Cosmic ray technology was used to find hidden chambers in the Pyramid of Giza back in 2017, and to search for magma chambers inside active volcanoes and image the Fukushima nuclear reactors. The innovation is now helping National Highways to unlock the secrets of a historic railway tunnel located deep under the streets of Glasgow. Balgray Tunnel, constructed in 1896, stretches for 640 metres under the Kelvinside area of Glasgow and has been closed since 1964.
The upkeep and regular inspections of the structure are essential, and until now techniques such as ground penetrating radar, drilling and visual inspections have been used to check for hidden shafts and highlight potential issues. Now, an innovative process called muon imaging, which harnesses cosmic rays from space to create accurate x-ray-like images, is a way more convenient way to assess the hidden parts of the tunnel.
Muon tomography relies on cosmic rays which are high-energy particles produced by the sun and other cosmic objects that hurtle through space. As they enter the earth’s atmosphere they collide with the oxygen and nitrogen molecules: most of these particles are stopped in the atmosphere but muons particles make it to the ground. Pretty fascinating, right!
National Highways is working with Hampshire-based tech company Geoptic for the trial at Balgray Tunnel that is maintained by National Highways Historical Railways Estate (HRE) on behalf of the Department for Transport.
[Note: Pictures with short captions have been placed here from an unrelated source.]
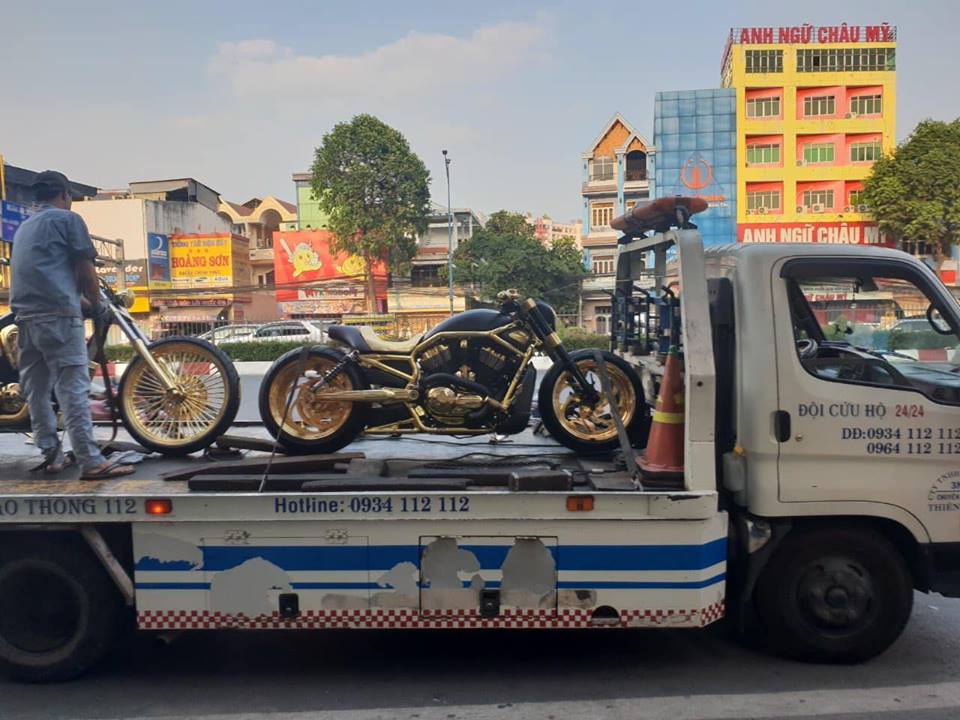 Đại gia Phúc XO, Đại gia Phúc XO sở hữu mô tô nào, siêu mô tô của Phúc XO,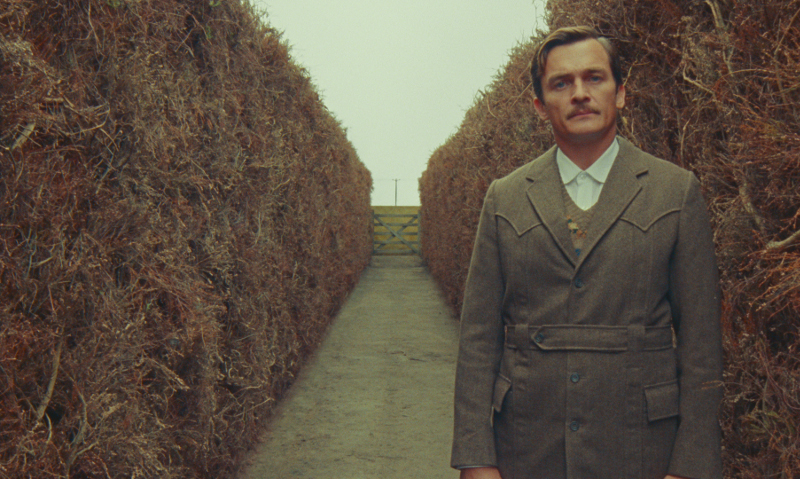 Szenenbild aus THE WONDERFUL STORY OF HENRY SUGAR AND THREE MORE - Rupert Friend als Erzähler in "The Swan" - © Netflix ©2023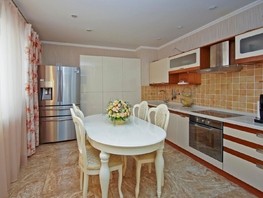 Продается 3-комнатная квартира Омская ул, 97.2  м², 12440000 рублей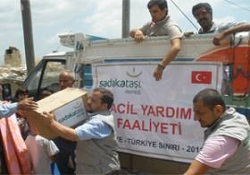 Sadakataşı Hataya'daki Suriyelileri unutmadı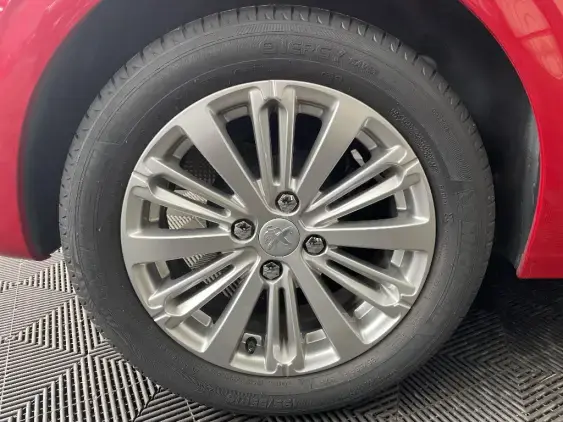 PEUGEOT 208 - voiture d'occasion - Photo 25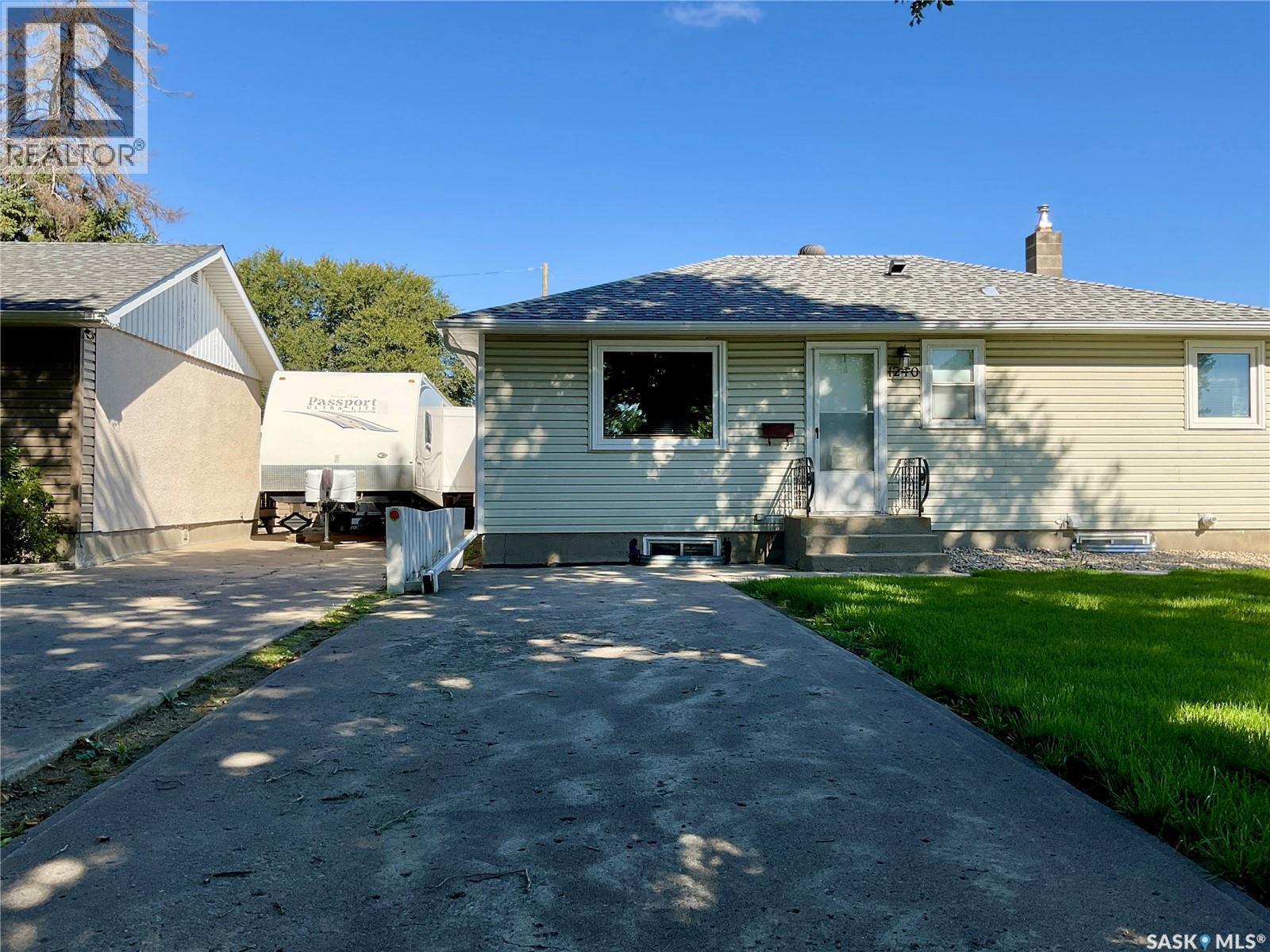 1240 10th Avenue E, Regina, Saskatchewan  S4T 4P9 - Photo 6 - SK044085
Prof. Lee Thompson, Geoptic’s Technical Director said:
“Before the survey started, we needed to develop a digital twin of the tunnel using detailed geological data which informs us how many muons we expect to see at any point in the tunnel. Then, inside the tunnel, we use our instruments that detect muons to measure the number of muons at different points.”
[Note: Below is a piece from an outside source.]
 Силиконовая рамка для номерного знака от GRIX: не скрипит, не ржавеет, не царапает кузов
“Differences between what we expect to see and what we actually observe can be interpreted as differences in density in the structure of the tunnel compared with that we assumed in our digital twin. As well as identifying hidden voids and shafts our instruments can return valuable information on the shaft position, size and extent.”
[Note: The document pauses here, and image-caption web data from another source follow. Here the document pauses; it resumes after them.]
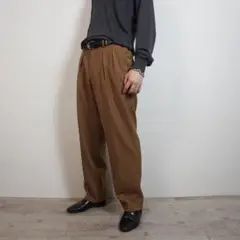 SOVEREIGN シングル２タックスラックスパンツ ブラウン/AZ95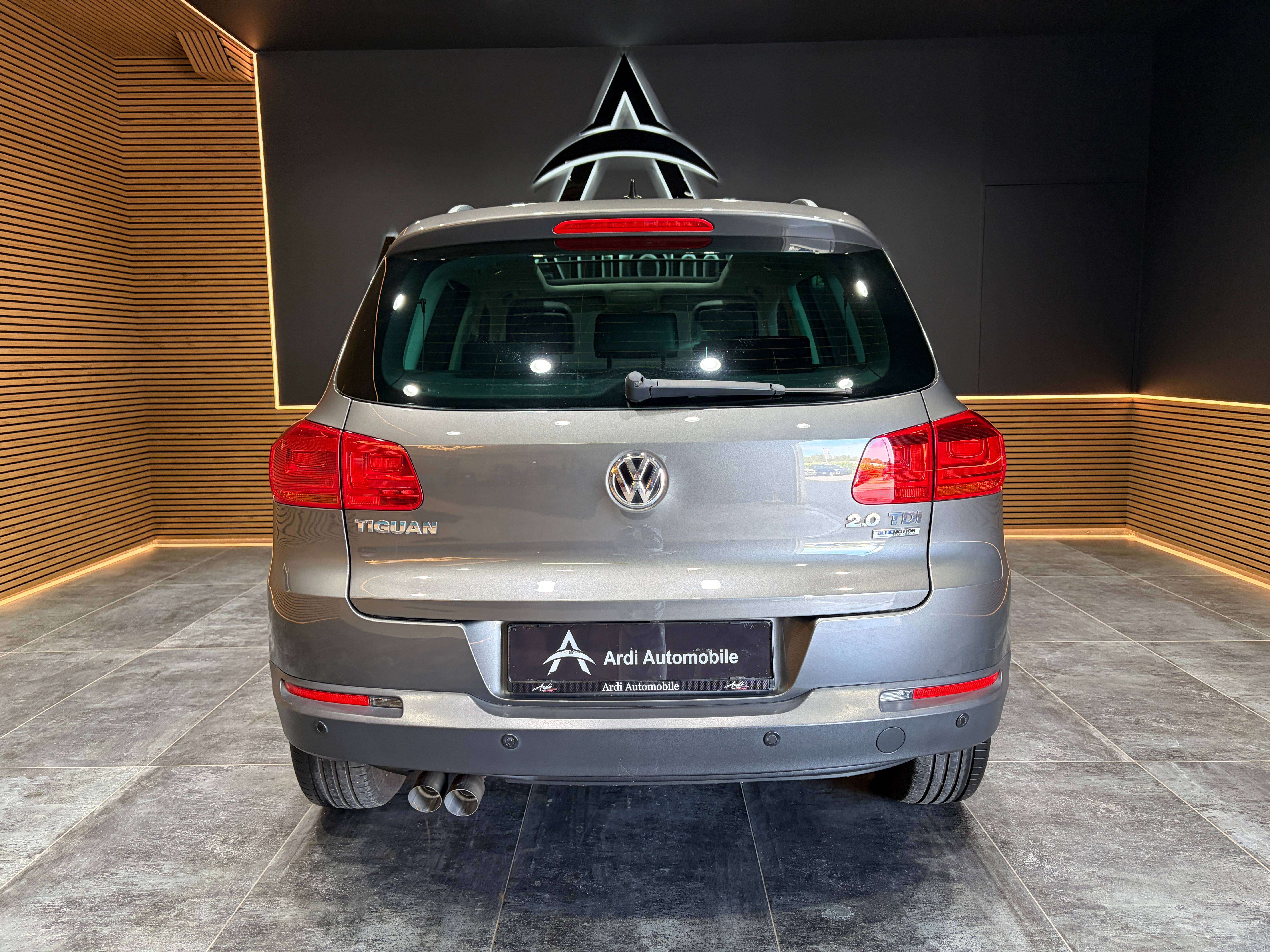 Volkswagen Tiguan 2.0 TDi *TOIT OUV+PANO*SIEGE CHAUFF*1ER PROPRIO*GARANTIE*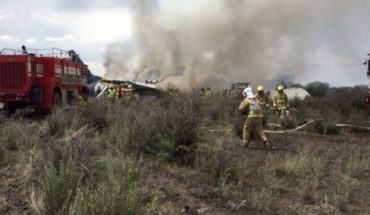 México: un avión de Aeroméxico cae poco después de despegar de Durango con 101 personas abordo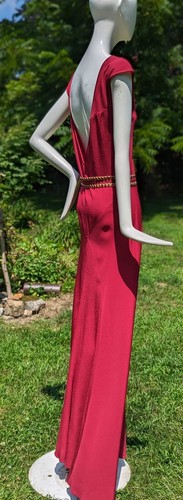 BEAUTIFUL 1930’S RED SILK CREPE DRESS W RUBY STONE BELT W/ GOLD SETTINGS - Picture 8 of 10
During the Victorian era, engineers constructed shafts along the line of the tunnel to speed up the construction process, and to help maintain the tunnel’s alignment on curves. When the tunnel was completed, some of the shafts would be kept for ventilation and others capped at both ends or back-filled. It is safe to say that the importance of being able to locate and examine the hidden closed shafts and any other voids is crucial for the maintenance and safety of the tunnel.
Understandably, the results of the survey are still being assessed to see if future works will be planned.